Trente-trois candidats briguent la magistrature suprême en RDC et près de 10.000 autres convoitent les 500 sièges du parlement congolais. Bon nombre de ces différents candidats ont trouvé comme stratégie de se doter de stations de radio ou de chaînes de télévision qu'ils utilisent comme instrument de propagande politique. Rien que dans la capitale Kinshasa, on dénombre 40 chaînes de télévision et une soixantaine de stations de radio. Quand ces stations ne sont pas confessionnelles, elles prennent une étiquette commerciale, mais en fait, elles font presque toutes de la propagande politique. Mariette Chiza, juriste et ancienne journaliste, se plaint à IPS de ce qu'elle appelle un "audiovisuel au ras des pâquerettes". Elle est aujourd'hui militante des droits de la femme au sein de 'Cause commune', une organisation non gouvernementale basée à Kinshasa.
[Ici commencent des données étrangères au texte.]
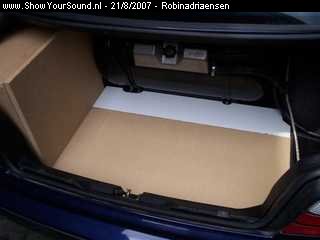 showyoursound.nl - BMW Project Primeiro - robinadriaensen - SyS_2007_8_21_11_35_14.jpg - phier zit de kist in de auto, ook even een&nbspbodemplaat gemaakt. op de schijding tussen het witte en bruine komt een wand recht omhoog. de bodemplaat wordt uitneembaar met versterker en powercab/p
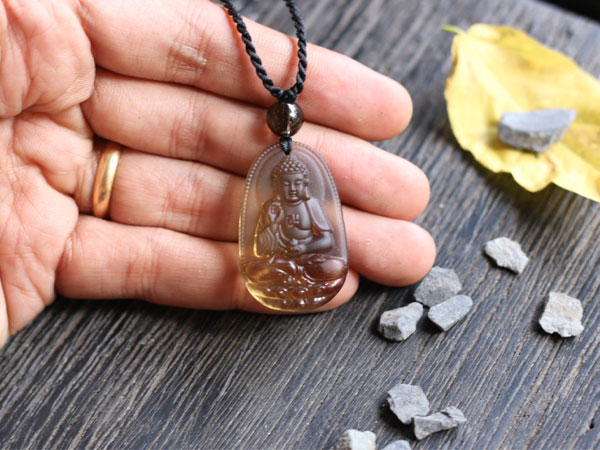 Đeo tượng Phật trên người: Nên hay không, liệu có bị coi là phạm kỵ?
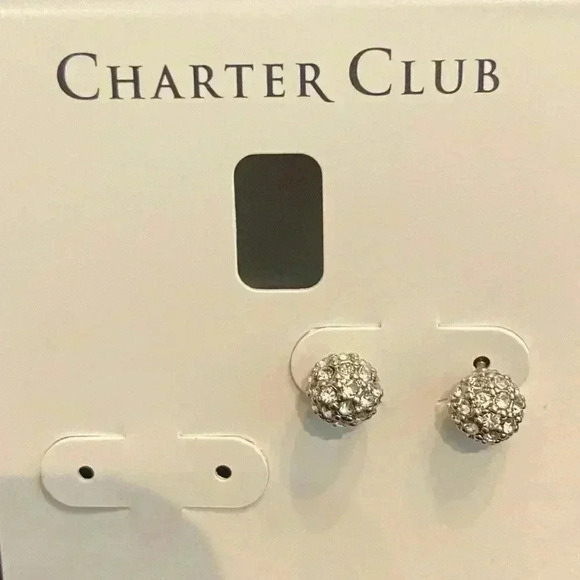 Charter Club Gold Tone Crystal Stud Earring - never worn - Picture 2 of 2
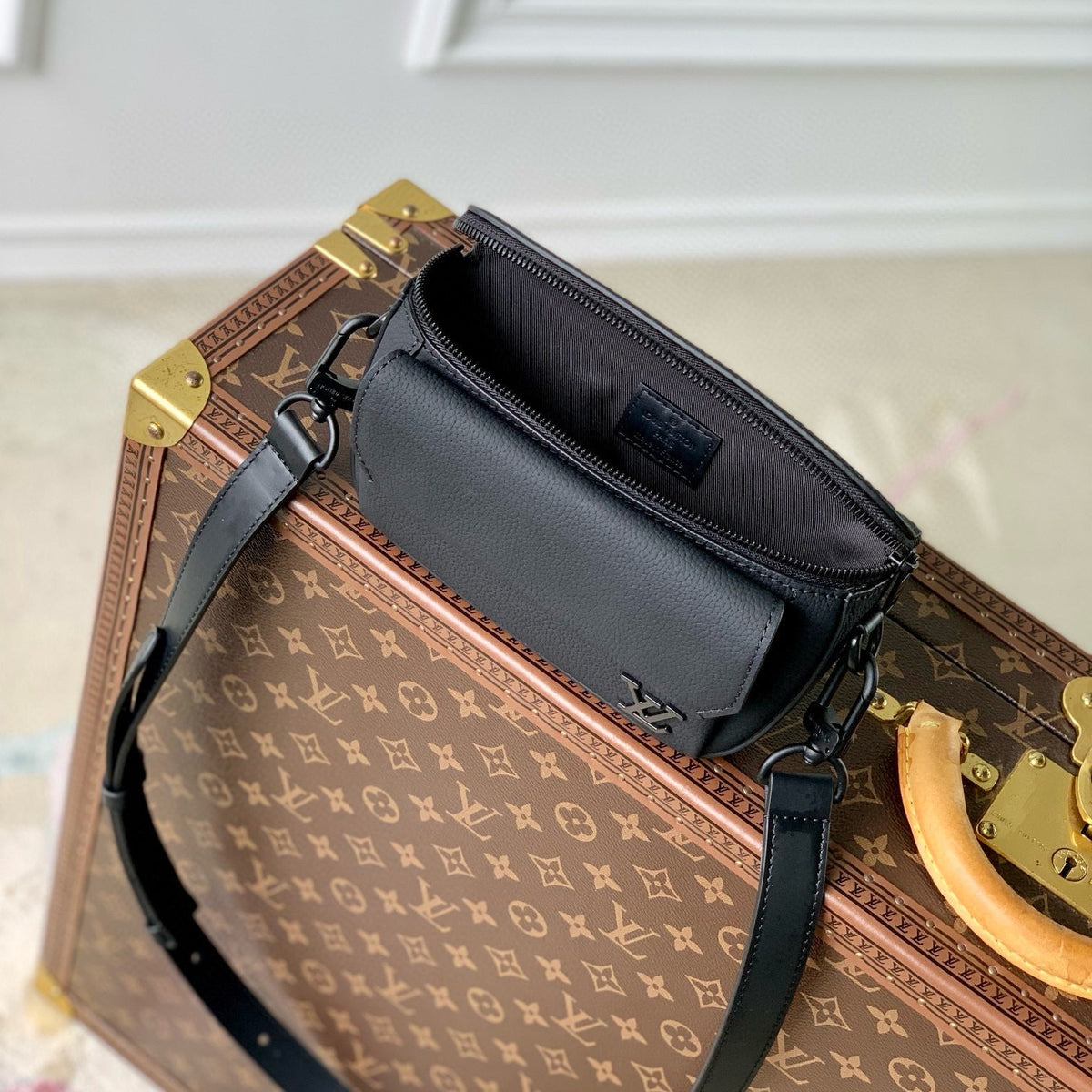 LOU PILOT WEARABLE WALLET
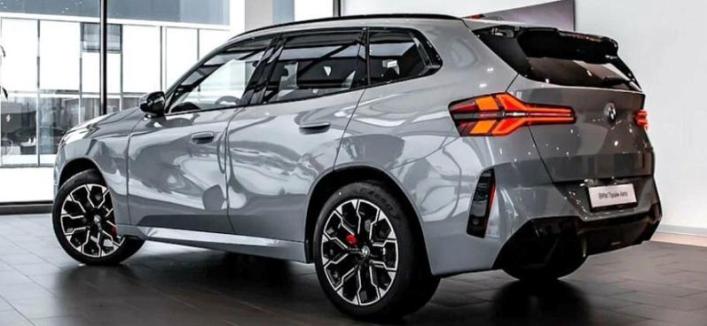 В России возобновили продажи кроссоверов BMW X3. Сколько они стоят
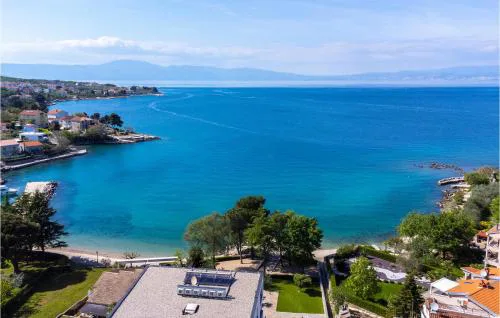 Lovely Apartment In Vantacici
"Les règles du jeu ne sont pas respectées", regrette Chiza. "Les coups sont portés trop bas et les candidats à des postes de grande responsabilité ne donnent pas l'impression de se rendre compte de ce que leurs comportements discourtois dans les médias les discréditent tellement au point de les préjudicier dans leurs ambitions de diriger le pays".
Une guerre des ondes oppose actuellement le président Kabila, candidat à sa succession et Jean-Pierre Bemba, l'un des quatre vice-présidents de la transition et candidat à la présidence de la République à travers des médias proches de l'un ou de l'autre. Les deux leaders s'en prennent à la HAM, l'accusant de ne pas bien faire son travail. La Radio Télévision nationale congolaise, qui est publique, Digital Congo TV, une chaîne privée, et Horizon 33, privée également, soutiennent Kabila, tandis que Bemba est défendu par Canal Congo télévision et Canal Kin Télévision –toutes deux propriétés privées de Bemba.